Птичьи перья присутствовали в декоре европейских головных уборов на протяжении столетий, и даже целые чучела птиц, которые к концу XIX века стали вызывать сильную эмоциональную реакцию, появлялись на шляпах существенно раньше. В первой половине столетия подозрительное и критическое отношение к подобным украшениям было обусловлено, как представляется, преобладанием буржуазной парадигмы «хорошего вкуса», в рамках которой чересчур заметные и необычные наряды оценивались негативно. Однако уже в 1860-х годах в различных национальных контекстах зазвучали голоса, говорившие о жестокости убийства птиц ради моды. Отчасти эта риторика совпадала с той, которая была направлена против коммерческих охотников на дичь: в обоих случаях непосредственными исполнителями выступали представители европейских социальных низов или неевропейских народов. Тем не менее их демонизация в данном случае отходила на второй план по сравнению с главными виновницами – женщинами. Некоторые публицисты и активисты указывали на ключевую роль специалистов модной индустрии и рекламы в формировании спроса на подобный декор, однако чаще ответственность непропорционально возлагалась на женщин. Порой карикатуры представляли самих модниц охотящимися на птиц – с ружьем или даже голыми руками. Подобные изображения либо напрямую представляли женщину монстром, чудовищной гарпией с огромными когтями, либо эксплуатировали контраст между изысканной внешностью элегантной дамы и ее зверскими, хищническими повадками.
В свою очередь птицы, на которых велась охота, описывались как «идеальные жертвы»[343] – невинные, беспомощные страдальцы. Особенно активно распространялась информация о массовом убийстве белых цапель в период гнездования, когда у них вырастали специфические брачные перья, широко использовавшиеся в декоре модных женских шляп. Гибель родителей неминуемо влекла за собой голодную смерть птенцов, что означало серьезный удар по популяциям белой цапли, но публикации на эту тему акцентировали не столько вероятность вымирания этого вида птиц, хотя встречались и такие прогнозы, сколько мучения злосчастных детенышей цапли и их недобитых кормильцев, брошенных заживо разлагаться на болоте.
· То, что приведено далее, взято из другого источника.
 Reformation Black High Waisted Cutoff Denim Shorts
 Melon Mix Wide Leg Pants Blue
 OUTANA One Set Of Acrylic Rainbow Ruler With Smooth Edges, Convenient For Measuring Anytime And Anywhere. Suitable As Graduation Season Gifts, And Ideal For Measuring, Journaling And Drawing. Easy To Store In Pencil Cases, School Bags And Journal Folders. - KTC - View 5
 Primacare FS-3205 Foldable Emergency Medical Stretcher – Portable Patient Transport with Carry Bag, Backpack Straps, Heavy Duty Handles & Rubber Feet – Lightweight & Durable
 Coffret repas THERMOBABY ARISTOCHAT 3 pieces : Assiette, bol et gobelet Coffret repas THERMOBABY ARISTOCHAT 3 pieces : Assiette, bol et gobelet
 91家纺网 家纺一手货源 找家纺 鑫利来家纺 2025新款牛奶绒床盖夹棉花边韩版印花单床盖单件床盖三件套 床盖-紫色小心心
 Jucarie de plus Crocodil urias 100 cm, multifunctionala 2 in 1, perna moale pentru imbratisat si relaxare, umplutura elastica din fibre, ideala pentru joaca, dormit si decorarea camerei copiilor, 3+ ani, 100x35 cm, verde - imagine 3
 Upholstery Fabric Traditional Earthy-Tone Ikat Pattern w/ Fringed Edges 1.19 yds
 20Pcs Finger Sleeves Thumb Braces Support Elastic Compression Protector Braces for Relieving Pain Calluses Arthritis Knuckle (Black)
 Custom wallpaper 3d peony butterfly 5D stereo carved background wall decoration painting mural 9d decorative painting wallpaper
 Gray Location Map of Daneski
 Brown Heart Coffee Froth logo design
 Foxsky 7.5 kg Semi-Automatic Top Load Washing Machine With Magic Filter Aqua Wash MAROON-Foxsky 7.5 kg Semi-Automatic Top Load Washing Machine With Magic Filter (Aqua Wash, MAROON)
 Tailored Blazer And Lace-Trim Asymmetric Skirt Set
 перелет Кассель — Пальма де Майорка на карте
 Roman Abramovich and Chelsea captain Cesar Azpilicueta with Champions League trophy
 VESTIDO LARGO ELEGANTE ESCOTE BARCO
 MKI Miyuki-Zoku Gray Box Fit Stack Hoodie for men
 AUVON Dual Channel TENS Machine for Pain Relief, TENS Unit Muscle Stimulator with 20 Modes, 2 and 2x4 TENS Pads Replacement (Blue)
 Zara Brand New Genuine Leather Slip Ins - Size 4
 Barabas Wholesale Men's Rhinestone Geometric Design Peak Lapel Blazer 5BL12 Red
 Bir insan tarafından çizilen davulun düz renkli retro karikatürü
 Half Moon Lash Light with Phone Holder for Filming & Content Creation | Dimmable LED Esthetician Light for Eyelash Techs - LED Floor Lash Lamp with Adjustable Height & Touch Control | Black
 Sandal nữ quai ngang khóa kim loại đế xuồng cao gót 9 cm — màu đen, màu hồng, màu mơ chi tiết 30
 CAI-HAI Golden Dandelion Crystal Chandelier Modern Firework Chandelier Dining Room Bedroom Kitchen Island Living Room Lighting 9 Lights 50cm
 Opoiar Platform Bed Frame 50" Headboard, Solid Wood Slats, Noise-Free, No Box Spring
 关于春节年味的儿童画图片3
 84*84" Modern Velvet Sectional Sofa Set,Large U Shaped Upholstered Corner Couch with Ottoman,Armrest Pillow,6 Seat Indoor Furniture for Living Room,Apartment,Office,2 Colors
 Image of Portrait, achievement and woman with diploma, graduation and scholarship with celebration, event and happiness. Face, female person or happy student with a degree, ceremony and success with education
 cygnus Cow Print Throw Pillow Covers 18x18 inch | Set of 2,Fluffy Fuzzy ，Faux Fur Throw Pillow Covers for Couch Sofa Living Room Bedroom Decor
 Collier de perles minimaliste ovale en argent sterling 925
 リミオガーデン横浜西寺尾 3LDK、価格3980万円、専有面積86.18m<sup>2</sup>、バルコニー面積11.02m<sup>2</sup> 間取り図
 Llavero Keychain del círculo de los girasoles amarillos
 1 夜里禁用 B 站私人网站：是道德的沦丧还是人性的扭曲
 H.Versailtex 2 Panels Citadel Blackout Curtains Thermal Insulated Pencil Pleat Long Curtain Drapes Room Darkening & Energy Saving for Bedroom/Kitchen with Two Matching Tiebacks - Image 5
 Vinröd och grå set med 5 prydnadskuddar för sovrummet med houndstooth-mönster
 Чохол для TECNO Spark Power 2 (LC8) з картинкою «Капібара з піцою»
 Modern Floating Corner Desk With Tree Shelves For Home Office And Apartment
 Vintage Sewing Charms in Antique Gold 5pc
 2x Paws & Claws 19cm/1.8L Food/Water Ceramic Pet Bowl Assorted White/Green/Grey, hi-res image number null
Предполагаемое безразличие модниц к этим шокирующим сценам подтверждало дегенерацию женщин, полную утрату ими способности к сочувствию, а также, косвенным образом, материнского инстинкта – ведь речь шла об умирающих детях.
Рассказы натуралистов о жизни белых цапель, как и многих других видов птиц, тем самым транслировали нормативные представления о семье, браке и центральной роли материнства. В то же время сторонницы общественно-политических реформ могли использовать те же самые образы для продвижения альтернативных идей, совершенно иначе расставляя акценты: так, у белых цапель не слишком отчетливо выражен половой диморфизм, и самец с самкой в равной степени участвуют в заботе о потомстве, поэтому эти и другие птицы (например, страусы) могли восприниматься как эталон «природного» равенства полов и более справедливого распределения гендерных ролей. Кроме того, межвидовая солидарность, возможность которой предполагали призывы к модницам проникнуться сочувствием к женщине-птице, могла быть принята некоторыми «чересчур» всерьез, становясь основой радикальной вегетарианской позиции или распространяясь на виды, с которыми, по мнению ученых, вовсе не стоило соотносить себя.
Примером подобной трансгрессивной самоидентификации могут служить кошки. В западной культуре эпохи индустриальной современности они устойчиво отождествлялись со старыми девами, которым питомцы, предположительно, заменяли детей. Однако к концу XIX века некоторые женщины заговорили в печати о материнских качествах кошек. Тем самым преодолевалась инфантилизация как этих животных, которых рассуждения о нездоровой квазиродительской любви к ним одиноких женщин превращали в вечных детей[344], так и их будто бы «незрелых» или девиантных хозяек. Немаловажно также, что натуралисты рубежа веков демонизировали кошек, называя их главными врагами дикой природы[345], поэтому женская солидарность с кошками, находившая выражение в том числе на страницах зоозащитной периодики, представляла собой прямой вызов авторитету ученых. Наконец, кошки часто персонифицировали женщин на англо-американских антисуфражистских карикатурах, и, вместо того чтобы пытаться опровергнуть эту аналогию и посильно дистанцироваться от кошек, некоторые женщины, напротив, подчеркивали свое сходство с ними и симпатию к ним.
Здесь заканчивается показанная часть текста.